_Task goal_. Write down exactly the lines from the one below that has "OLD BRIDGE VILLAGE - Residential" to the end of the data, both ends included; the pictures should not appear in your copy.

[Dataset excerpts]
=== Begin Enclosure ===

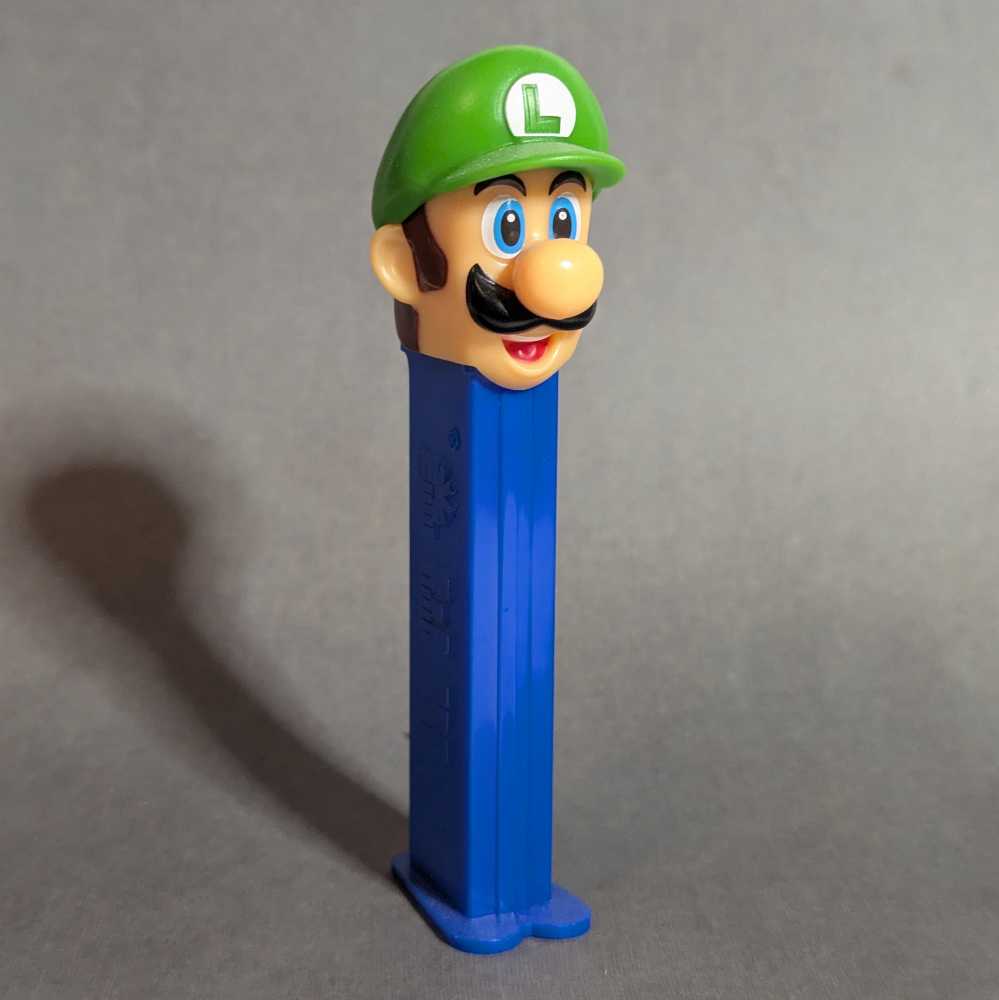 Super Mario Bros 2 - Luigi - Games & Toys - Nintendo pez collectible - Main Image 2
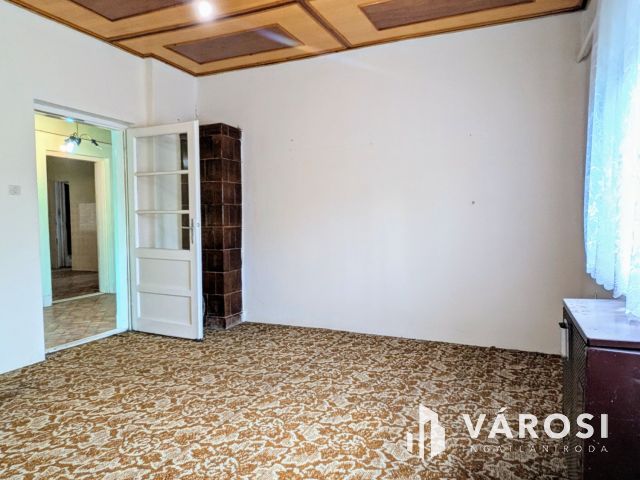 3 szobás nagy konyhás téglaház kisvárosban!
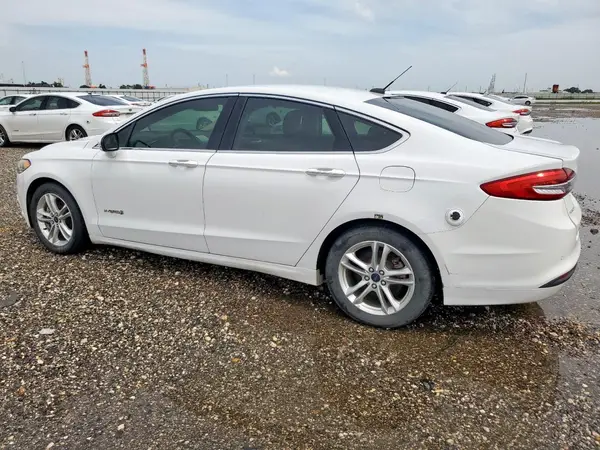3FA6P0LU1JR129814 2018 FORD FUSION - Image 2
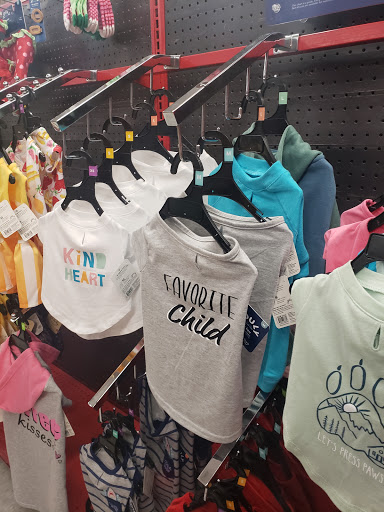 Pet Supply Store «Petco Animal Supplies», reviews and photos, 216 Colony Pl, Plymouth, MA 02360, USA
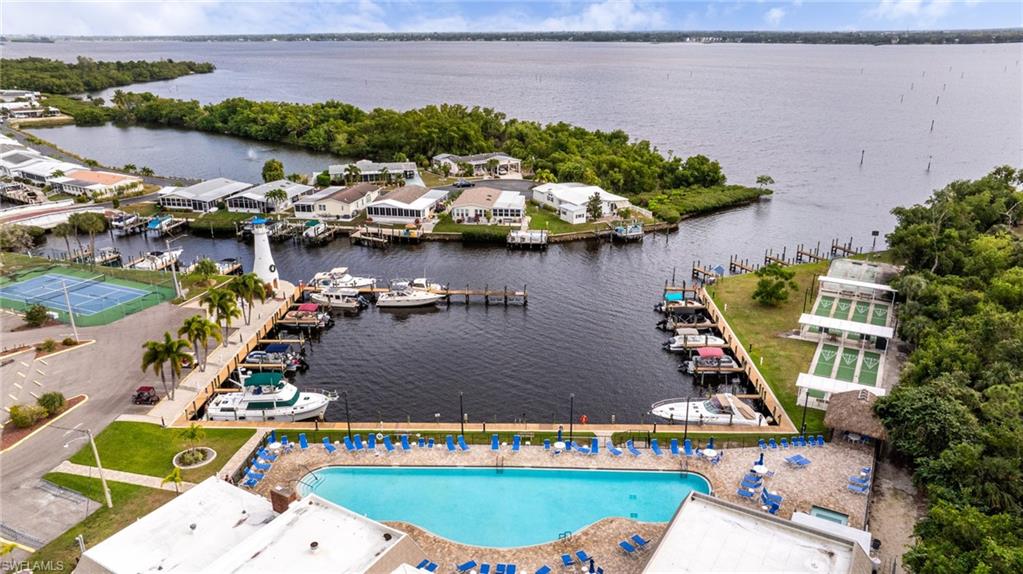 OLD BRIDGE VILLAGE - Residential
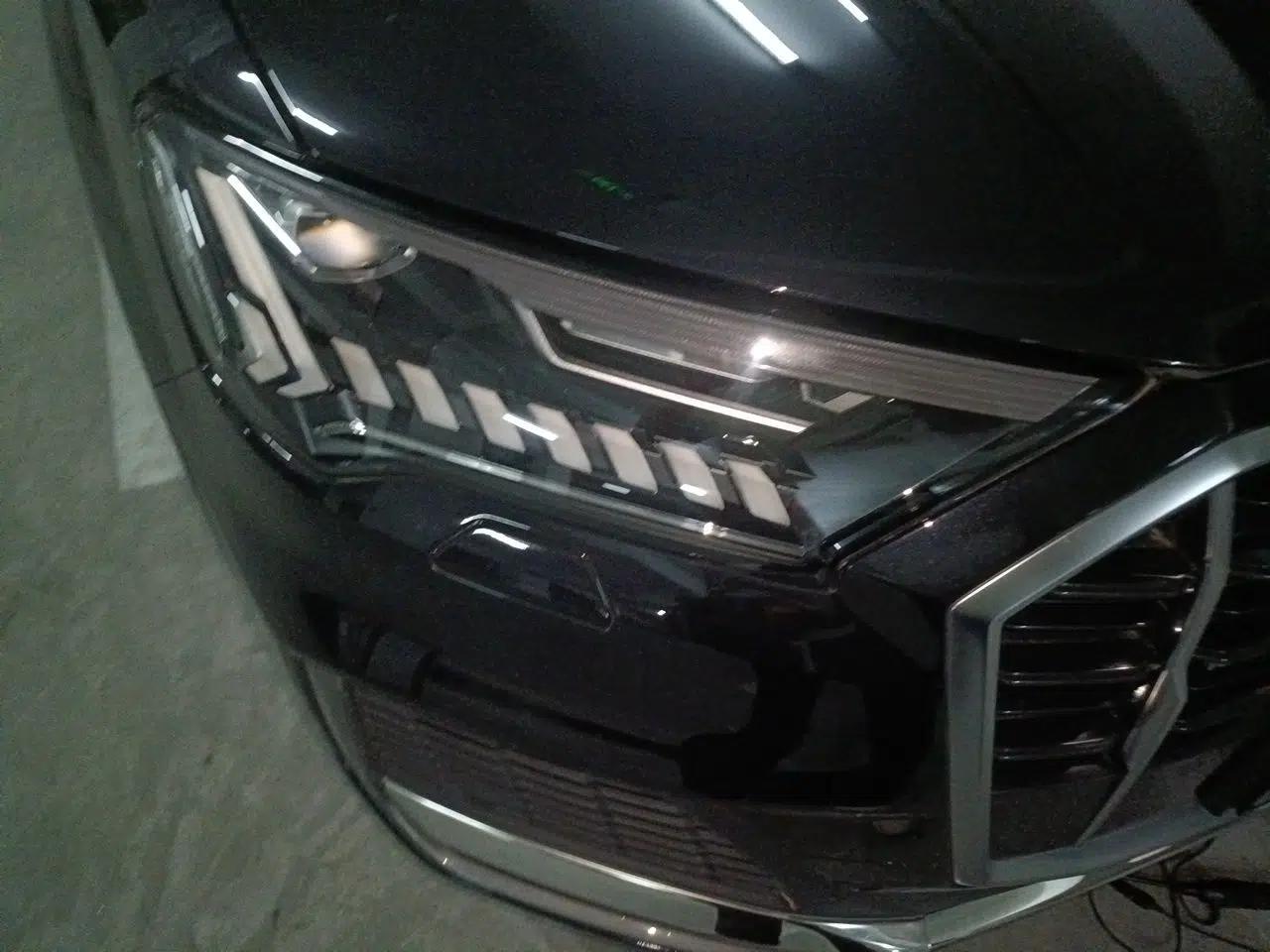 Audi Q7 2021 55 TFSI quattro S line Sport model — миниатюра 7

=== End Enclosure ===

_Task result_.
 OLD BRIDGE VILLAGE - Residential
 Audi Q7 2021 55 TFSI quattro S line Sport model — миниатюра 7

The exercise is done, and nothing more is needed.